I voted other. Ive had a wahl cutek for 3 years and it straightens perfect every time. If i was to buy another iron i would buy one with a temp control, nt sure if its a chi or fhi.


----------



## Faith (Nov 25, 2008)

WHat heat are you all using though?


----------



## ShaniKeys (Feb 11, 2009)

Babyliss pro 230 or Influence flat iron by Philips


----------



## zzirvingj (Feb 12, 2009)

I LOVE the FHI 302RVI (the one with temp control!!)


----------



## Whimsy (Feb 12, 2009)

I voted for maxiglide.  It's the TRUTH!!!  Some girls at my job think I'm lying when I tell them I haven't gotten a relaxer since August 2007.  When I come in with maxiglide straightened hair they all assume I've gotten a touch up!  

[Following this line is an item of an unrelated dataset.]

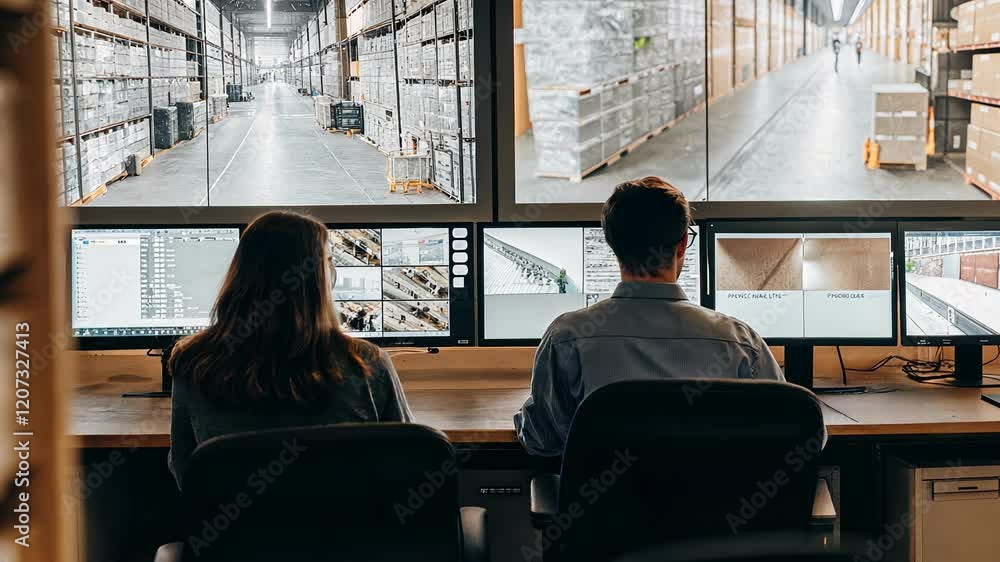 Poster inventory management system and report concept. monitoring warehouse operations from computer screen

I love my maxiglide, I wish I got a cut of the proceeds cuz I've put so many people on to it and they all love it.  It was the only thing to really get my natural hair bone straight back when I was 100% natural.  

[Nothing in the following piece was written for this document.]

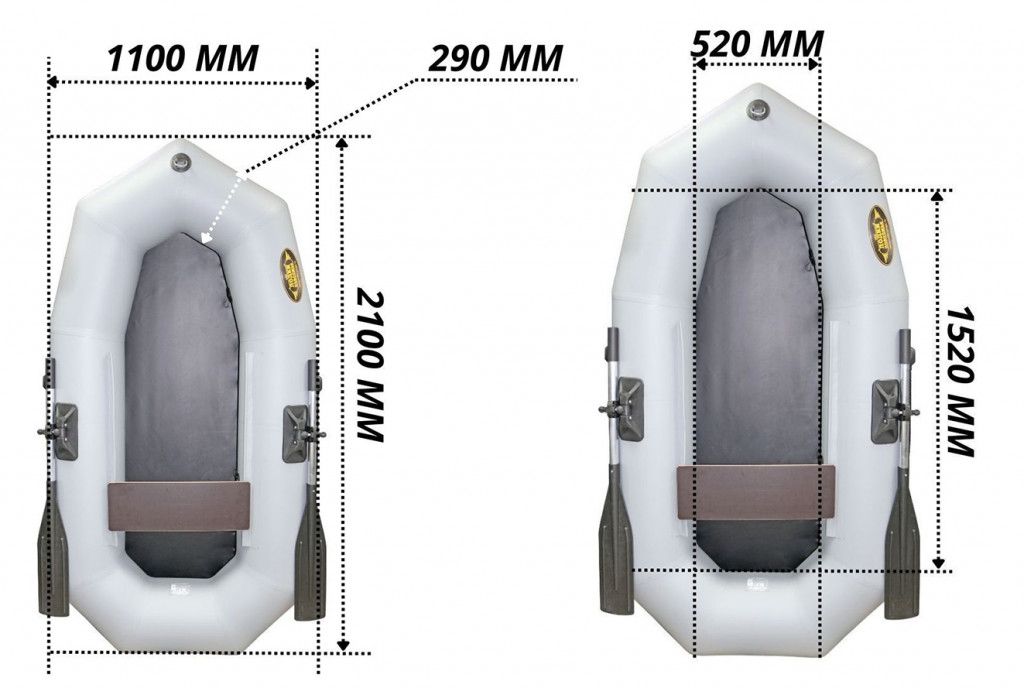 Лодка ПВХ Лодки Поволжья R-210 размеры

Now, it's the only thing getting me through this transition!


----------



## morehairplease (Feb 12, 2009)

ShaniKeys said:


> *Babyliss pro 230 *or Influence flat iron by Philips



thanks for sharing this! This is the one that I want.


----------



## darlingdiva (Feb 12, 2009)

I'm a 4a/b fine-haired natural and I have a T3 (Medium Duality) with temperature control.  I flat-ironed on Tuesday and, although I need to perfect my flat-ironing technique, it got my hair straight on one pass.  I had it turned up to 300 degrees.  It's really easy to curl with, too.


----------



## GabbanaGirl (Feb 12, 2009)

I am probably the oddball out of the group....LOL I use a regular Kizure flat iron (the one that goes in the stove) I have tried the CHI and other's and my hair started to thin out pretty badly, and it did a number on my ends. I tried lowering the heat, but my hair didn't get as straight as I liked (I like bone straight flat).....Soooo I made the switch back to my old trusty iron (although I am NOT using heat in 09).


----------



## morehairplease (Feb 12, 2009)

darlingdiva said:


> I'm a 4a/b fine-haired natural and I have a T3 (Medium Duality) with temperature control.  I flat-ironed on Tuesday and, although I need to perfect my flat-ironing technique, it got my hair straight on one pass.  I had it turned up to 300 degrees.  It's really easy to curl with, too.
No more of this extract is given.